My favorite way to spend the first day of a new year in Edinburgh is walking the Royal Mile, taking photos of all the picturesque closes (alleys) and beautiful buildings, and touring the royal residence, Holyrood Palace and Abbey. Edinburgh Castle is also open for a part of the day and offers beautiful views over the city.
But have a realistic plan of what you’ll be able to do that day. My advice: a late morning, a tour of Holyrood, and a mid-afternoon tea at the palace. Then, find a pub and cheers to the new year with a warm mulled wine.
No matter what you plan for January 1st, do yourself a favor and book tickets ahead of time for attractions. You can spend precious time waiting in line, or you can explore these beautiful historic sites.
10) Have Fun
I’ve made a whole list of things to avoid, so why do I keep going back? Because Edinburgh at Hogmanay is amazing: the excited energy running through the city, the cheerfulness of attendees and community members, the sheer fun of roaming the streets with a lit torch. I tear up every time I hear the crowds sing Ol’ Lang Syne in unison.
There’s nothing like a city bursting with excitement and anticipation. Everyone is excited about Hogmanay festivities, even with the crowds. The city comes alive in a whole new way— after over a half dozen visits to Edinburgh, my favorites are from Hogmanay. The music, the food, the culture, what’s not to love?
What To Know For Visiting Scotland
Scotland is part of the United Kingdom, which typically provides a free stay of up to 180 days in the entire UK to visitors from many countries. This means you can enter Scotland and stay for up to 6 months on each entry.
However, as of publication Brexit may change the visa policy.
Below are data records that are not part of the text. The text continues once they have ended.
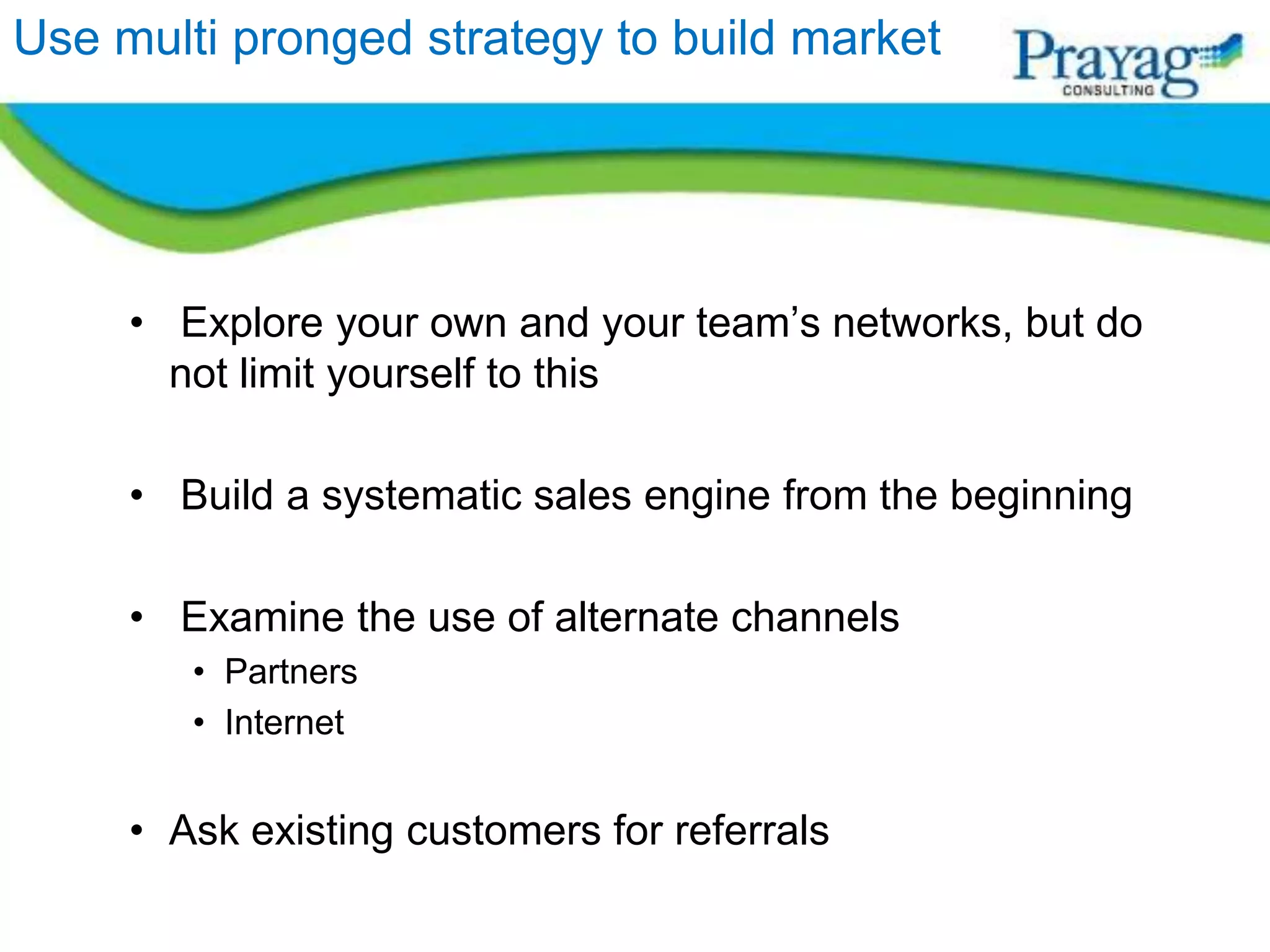 Use multi pronged strategy to build market




     • Explore your own and your team’s networks, but do
       not limit yourself to this

     • Build a systematic sales engine from the beginning

     • Examine the use of alternate channels
        • Partners
        • Internet


     • Ask existing customers for referrals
Be sure to check the official United Kingdom Immigration Website for the latest information.
The currency used in Scotland is the Great British Pound (GBP). The current exchange rate is approximately 1 GBP to 1.30 USD. You can check the latest EUR exchange rate on Google.
While traveling, our number one tip is to use a free Charles Schwab Debit Card which gives unlimited worldwide ATM Fee Refunds and the true exchange rate.
Best Tours In Edinburgh
Some of the best tours and things to do in Edinburgh are:
- Harry Potter Magical Guided Walking Tour
- Loch Ness, Glencoe & the Highlands Tour
- The Scotch Whisky Experience: Guided Tour and Whisky Tasting
Where To Stay In Edinburgh
We recommend booking your hotels on Booking.com to get the best rate and many hotels offer free cancellation in case your plans change.
Some of our favorite hotels in Edinburgh are:
- The Bonham: Situated in Edinburgh’s West End, this hotel is a beautiful converted Victorian House.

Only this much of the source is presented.